I spoke with Chandra as she and Leigh drove through Virginia on a road trip to their next gig. As to what the twins are listening to now as they cruise from their family home in Louisville, through Tennessee and on to Virginia: “KaiserCartel is really great. Death Cab for Cutie is good road trip music.” Leigh also likes Robert Plant, Wilco and Andrew Bird as favorites for listening to in the car on long 15-hour drives.
The sisters began singing in a church choir around the age of eight in Louisville, Ky. Chandra recalls, “The church automatically put us together, and we instinctively knew how to harmonize.”
Around age 16, Leigh first picked up guitar, and the girls started taking lessons.
“I remember learning an R.E.M. song; also some Go-Go’s, Bob Marley and the Grateful Dead, of course,” says Chandra.
Their journey from Kentucky to California mostly hinged on “a twist of fate.”
As Chandra tells it, “After graduation [from college], we drove around the states. After the trip was over, we made a pact to end up wherever a door opened up.”

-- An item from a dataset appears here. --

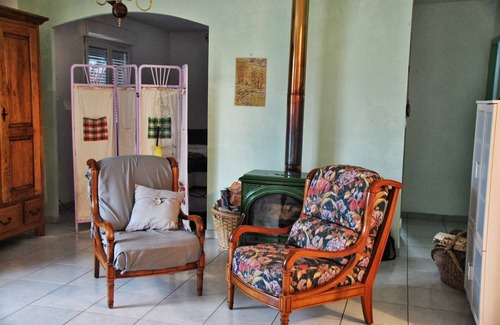 Lamastre Casa | Nueva casa en una tranquila y confortable, con hermosas vistas 5-6 personas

As it turned out, a friend in Los Angeles had a place for them to stay in Burbank. From there, the Silver Lake music scene proved only a short leap.
Chandra says, “We wanted to be somewhere where more music was happening – Silver Lake was the area we wanted. We’ve been in that neighborhood ever since.”

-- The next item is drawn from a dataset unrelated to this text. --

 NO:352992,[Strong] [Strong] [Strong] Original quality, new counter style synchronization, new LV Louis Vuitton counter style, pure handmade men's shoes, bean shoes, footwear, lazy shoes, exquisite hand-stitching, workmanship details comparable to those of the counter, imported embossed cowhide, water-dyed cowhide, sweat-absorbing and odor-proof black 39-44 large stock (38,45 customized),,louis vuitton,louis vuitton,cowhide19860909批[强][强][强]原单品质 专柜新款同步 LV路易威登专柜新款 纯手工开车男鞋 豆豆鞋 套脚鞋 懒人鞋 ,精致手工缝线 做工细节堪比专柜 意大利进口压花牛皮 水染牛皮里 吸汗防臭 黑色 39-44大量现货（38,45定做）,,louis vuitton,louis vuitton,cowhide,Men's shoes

Having formed the group Slydell, the Watsons did a residence at Spaceland and ended up doing a show with Rilo Kiley (Jenny Lewis’ band).
With a little success and experience under their belt, the Watson Twins felt ready to embark on a full album, aiming for a little more cohesion with their sophomore effort, Fire Songs.
“We shifted to a mind set of wanting it to feel like a record,” Chandra says.
More instruments fill out the women’s beautiful vocals with tracks like “Fall,” “using cello to make it really unique and evoke the feeling of the song.”
Having ventured a long way from their bluegrass roots, iTunes calls the group “more Hollywood Hills than Appalachia.”
Chandra replies, “I don’t really know what the Hollywood Hills are like. I’m attracted to music that is organic and has a cohesive sound. There are elements of Americana in our music, but I don’t know that I want to be Appalachian or Hollywood Hills. Maybe somewhere in the middle.”